[Crawled caption data]
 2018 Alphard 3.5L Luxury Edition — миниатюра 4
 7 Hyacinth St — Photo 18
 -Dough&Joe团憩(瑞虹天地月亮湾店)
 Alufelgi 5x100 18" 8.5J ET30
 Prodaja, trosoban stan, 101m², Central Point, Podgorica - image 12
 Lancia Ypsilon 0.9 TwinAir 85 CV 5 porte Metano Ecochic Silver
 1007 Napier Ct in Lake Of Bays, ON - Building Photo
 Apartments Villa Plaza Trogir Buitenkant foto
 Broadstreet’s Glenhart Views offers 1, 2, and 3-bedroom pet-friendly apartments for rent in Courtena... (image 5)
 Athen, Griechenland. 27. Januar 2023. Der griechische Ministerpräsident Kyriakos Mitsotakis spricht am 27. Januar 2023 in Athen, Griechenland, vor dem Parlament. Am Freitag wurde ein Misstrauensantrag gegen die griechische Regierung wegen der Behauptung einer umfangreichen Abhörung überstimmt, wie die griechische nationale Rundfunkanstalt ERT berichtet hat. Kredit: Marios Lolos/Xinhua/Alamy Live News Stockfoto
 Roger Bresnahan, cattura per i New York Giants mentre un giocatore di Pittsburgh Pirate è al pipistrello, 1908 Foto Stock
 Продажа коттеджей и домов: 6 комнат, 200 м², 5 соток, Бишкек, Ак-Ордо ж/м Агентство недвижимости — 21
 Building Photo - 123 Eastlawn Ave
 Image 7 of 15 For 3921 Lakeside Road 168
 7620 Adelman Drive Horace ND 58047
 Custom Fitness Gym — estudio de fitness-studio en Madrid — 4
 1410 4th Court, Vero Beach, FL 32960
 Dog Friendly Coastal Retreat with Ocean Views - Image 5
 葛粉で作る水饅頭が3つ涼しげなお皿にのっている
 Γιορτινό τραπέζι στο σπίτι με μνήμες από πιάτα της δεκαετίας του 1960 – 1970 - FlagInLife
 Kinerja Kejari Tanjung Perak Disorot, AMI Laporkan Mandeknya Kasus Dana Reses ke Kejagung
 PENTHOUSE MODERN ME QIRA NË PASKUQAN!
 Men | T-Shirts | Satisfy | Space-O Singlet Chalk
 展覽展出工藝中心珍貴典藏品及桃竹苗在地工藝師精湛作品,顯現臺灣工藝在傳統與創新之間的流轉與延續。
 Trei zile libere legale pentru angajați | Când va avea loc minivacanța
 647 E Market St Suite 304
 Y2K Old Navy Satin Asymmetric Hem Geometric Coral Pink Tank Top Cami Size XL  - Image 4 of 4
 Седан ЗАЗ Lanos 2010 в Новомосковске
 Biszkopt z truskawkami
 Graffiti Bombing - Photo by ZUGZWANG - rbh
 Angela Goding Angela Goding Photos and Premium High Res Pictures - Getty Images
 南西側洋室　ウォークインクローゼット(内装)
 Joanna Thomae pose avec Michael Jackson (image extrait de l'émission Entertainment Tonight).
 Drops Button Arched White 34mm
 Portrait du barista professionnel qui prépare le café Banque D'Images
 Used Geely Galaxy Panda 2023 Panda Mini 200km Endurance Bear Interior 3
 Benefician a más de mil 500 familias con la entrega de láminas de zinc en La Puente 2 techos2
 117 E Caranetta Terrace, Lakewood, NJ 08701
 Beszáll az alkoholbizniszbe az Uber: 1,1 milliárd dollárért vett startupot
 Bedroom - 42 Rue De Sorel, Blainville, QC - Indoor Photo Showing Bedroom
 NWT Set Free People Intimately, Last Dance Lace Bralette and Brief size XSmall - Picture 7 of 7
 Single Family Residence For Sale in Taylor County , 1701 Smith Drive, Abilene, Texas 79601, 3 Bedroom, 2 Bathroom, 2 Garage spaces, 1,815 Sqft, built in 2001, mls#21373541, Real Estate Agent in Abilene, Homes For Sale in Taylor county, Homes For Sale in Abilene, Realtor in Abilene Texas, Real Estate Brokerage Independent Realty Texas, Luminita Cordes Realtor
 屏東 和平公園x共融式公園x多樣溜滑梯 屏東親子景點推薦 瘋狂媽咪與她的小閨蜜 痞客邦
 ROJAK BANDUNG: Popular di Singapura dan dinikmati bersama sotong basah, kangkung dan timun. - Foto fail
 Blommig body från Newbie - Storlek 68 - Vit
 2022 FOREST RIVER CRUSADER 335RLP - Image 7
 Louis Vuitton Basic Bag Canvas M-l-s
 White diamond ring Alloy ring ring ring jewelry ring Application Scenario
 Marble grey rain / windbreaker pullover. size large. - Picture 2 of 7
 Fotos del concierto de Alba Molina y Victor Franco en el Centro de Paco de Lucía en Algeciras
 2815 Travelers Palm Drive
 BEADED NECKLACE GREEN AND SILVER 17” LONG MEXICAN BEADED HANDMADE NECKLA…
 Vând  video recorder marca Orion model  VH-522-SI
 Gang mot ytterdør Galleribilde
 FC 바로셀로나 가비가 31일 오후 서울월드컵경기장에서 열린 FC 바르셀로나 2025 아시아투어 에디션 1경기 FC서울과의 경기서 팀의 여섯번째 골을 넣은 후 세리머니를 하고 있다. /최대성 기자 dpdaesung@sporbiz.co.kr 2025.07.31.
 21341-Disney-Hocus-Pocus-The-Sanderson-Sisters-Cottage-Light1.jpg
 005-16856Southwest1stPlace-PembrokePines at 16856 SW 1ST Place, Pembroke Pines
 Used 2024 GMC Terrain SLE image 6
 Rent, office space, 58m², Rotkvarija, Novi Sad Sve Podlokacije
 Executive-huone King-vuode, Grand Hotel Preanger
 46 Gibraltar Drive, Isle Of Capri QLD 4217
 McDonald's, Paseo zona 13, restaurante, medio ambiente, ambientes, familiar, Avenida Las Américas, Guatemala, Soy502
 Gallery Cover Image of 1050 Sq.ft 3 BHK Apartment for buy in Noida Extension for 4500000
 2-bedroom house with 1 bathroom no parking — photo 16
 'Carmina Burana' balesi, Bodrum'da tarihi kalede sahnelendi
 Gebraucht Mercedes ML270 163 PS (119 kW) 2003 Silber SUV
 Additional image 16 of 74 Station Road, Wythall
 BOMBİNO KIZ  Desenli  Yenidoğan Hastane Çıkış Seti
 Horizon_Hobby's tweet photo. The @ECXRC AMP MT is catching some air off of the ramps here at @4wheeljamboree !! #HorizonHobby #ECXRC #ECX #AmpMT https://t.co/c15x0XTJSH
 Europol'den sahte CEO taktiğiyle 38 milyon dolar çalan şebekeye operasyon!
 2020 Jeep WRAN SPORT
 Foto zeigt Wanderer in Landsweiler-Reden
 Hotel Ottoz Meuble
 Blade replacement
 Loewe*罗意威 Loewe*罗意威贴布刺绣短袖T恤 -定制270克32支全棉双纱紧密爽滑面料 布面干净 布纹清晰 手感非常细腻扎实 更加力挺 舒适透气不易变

§ **Your instructions**: Please reproduce, exactly as they appear above, the lines from the line containing "Bedroom - 42" up to and including the line containing "Gang mot ytterdør Galleribilde".

§ **Result of the exercise**:
 Bedroom - 42 Rue De Sorel, Blainville, QC - Indoor Photo Showing Bedroom
 NWT Set Free People Intimately, Last Dance Lace Bralette and Brief size XSmall - Picture 7 of 7
 Single Family Residence For Sale in Taylor County , 1701 Smith Drive, Abilene, Texas 79601, 3 Bedroom, 2 Bathroom, 2 Garage spaces, 1,815 Sqft, built in 2001, mls#21373541, Real Estate Agent in Abilene, Homes For Sale in Taylor county, Homes For Sale in Abilene, Realtor in Abilene Texas, Real Estate Brokerage Independent Realty Texas, Luminita Cordes Realtor
 屏東 和平公園x共融式公園x多樣溜滑梯 屏東親子景點推薦 瘋狂媽咪與她的小閨蜜 痞客邦
 ROJAK BANDUNG: Popular di Singapura dan dinikmati bersama sotong basah, kangkung dan timun. - Foto fail
 Blommig body från Newbie - Storlek 68 - Vit
 2022 FOREST RIVER CRUSADER 335RLP - Image 7
 Louis Vuitton Basic Bag Canvas M-l-s
 White diamond ring Alloy ring ring ring jewelry ring Application Scenario
 Marble grey rain / windbreaker pullover. size large. - Picture 2 of 7
 Fotos del concierto de Alba Molina y Victor Franco en el Centro de Paco de Lucía en Algeciras
 2815 Travelers Palm Drive
 BEADED NECKLACE GREEN AND SILVER 17” LONG MEXICAN BEADED HANDMADE NECKLA…
 Vând  video recorder marca Orion model  VH-522-SI
 Gang mot ytterdør Galleribilde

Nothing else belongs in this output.